Offred is obliged to endure an act of copulation with the Commander once a month in the hope that she will have a child. During the act, she rests between the legs of the Commander’s wife in a ritual believed to be sanctioned by biblical precedent. In the Old Testament, Rachel commands Jacob to sleep with her maid Billah: “Go in unto her, and she shall bear upon my knees, that I may have children by her.” Offred hopes to conceive because it is her only safeguard against being sent to the “colonies,” where women viewed as expendable are sent to clean up battlefields or nuclear waste sites.

Besides her monthly sexual obligations to the Commander, Offred’s only duty is to walk out once a day to do the shopping for the household. She has to wear a prescribed costume consisting of a bright red ankle-length dress that conceals her body and a white headdress with wide wings that constricts her vision. In her shopping excursions, Offred has a partner, another Handmaid named Ofglen. After making their purchases, Ofglen and Offred almost always walk to the “the wall.” On the wall, the hooded bodies of recently executed traitors to the regime are displayed. On these occasions, Offred looks for the body of her husband, Luke. Although Offred hopes that Luke is still alive, the likeliest possibility is that he had been killed when the family made an escape attempt to Canada. It was during this attempt that Offred had been captured, along with her daughter, who was taken from her and given to a family with high connections in Gilead.

In her daily life, Offred has little to do, but she has ample time for reminiscence and reflection on her past and present life. She thinks about her upbringing by her mother, a single parent by choice and a feminist of the 1970s, and her friendship with Moira, a strong individual who has the courage to defy authority. She thinks about her life with Luke and her daughter and wishes she could bring back the freedom she took for granted.

Although the Commander is not supposed to have any personal relationship with his Handmaid, he sends a message to her to arrange a clandestine meeting in his study. In a series of subsequent visits, Offred and the Commander play Scrabble and talk, and the Commander allows her to read books and magazines officially forbidden in Gilead. The Commander wants Offred to like him because he feels misunderstood by his wife, and on several occasions he asks Offred to kiss him.

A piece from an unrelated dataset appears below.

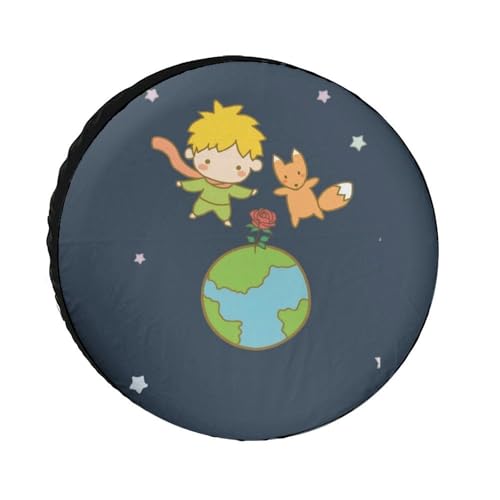 �^�C���J�o�[ ���̉��q���� �X�y�A�^�C���J�o�[ �h�� �J�[�p�i �h���O�� ���Ă��~ �ی� �ȒP���� ���[ �ۊ� �^�C���v���e�N�^�[ �J�悯�J�o�[ �z�C�[�� �y������ SUV �ėp 30inch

The Commander’s wife, Serena Joy, dislikes Offred because she feels that Offred is encroaching on her role. In spite of her jealousy, however, Serena Joy wants Offred to have a child, whom she could raise. Because she fears that her husband might be sterile, Serena Joy arranges secret meetings between Offred and Nick, an employee of the household. Offred cooperates in this scheme, in spite of the danger involved in unsanctioned sexual acts, because she needs to have a child to save her own life. As time passes, however, Offred becomes deeply attracted to Nick and their meetings become the central focus of her life.

On their walks, Offred and Ofglen reveal to each other their hatred of the regime. Ofglen is a member of an underground organization working to overthrow the regime. Offred and Ofglen are required to take part in a public ritual called a Salvaging, in which several women are hanged as traitors. On this same occasion, they are expected to participate in a Particicution, in which a rapist is torn limb from limb by Handmaids. Ofglen recognizes the man as a member of the underground and strikes him on the head with her shoe to render him unconscious and spare him more pain. Knowing that she has been observed and is about to be arrested, Ofglen kills herself so that she cannot be forced under torture to confess and name others in the underground.

Because of her association with Ofglen, Offred expects to be arrested. However, Nick, acting on behalf of the underground resistance, arranges for a mock arrest, which he tells her will ensure her safety. Unsure of the truth of the matter, she feels she has no choice but to trust Nick. An epilogue set almost two hundred years in the future reveals that tapes are discovered containing the narrative just read. Offred must certainly have made it to freedom, but it is unclear whether she lives her subsequent life in freedom or is recaptured.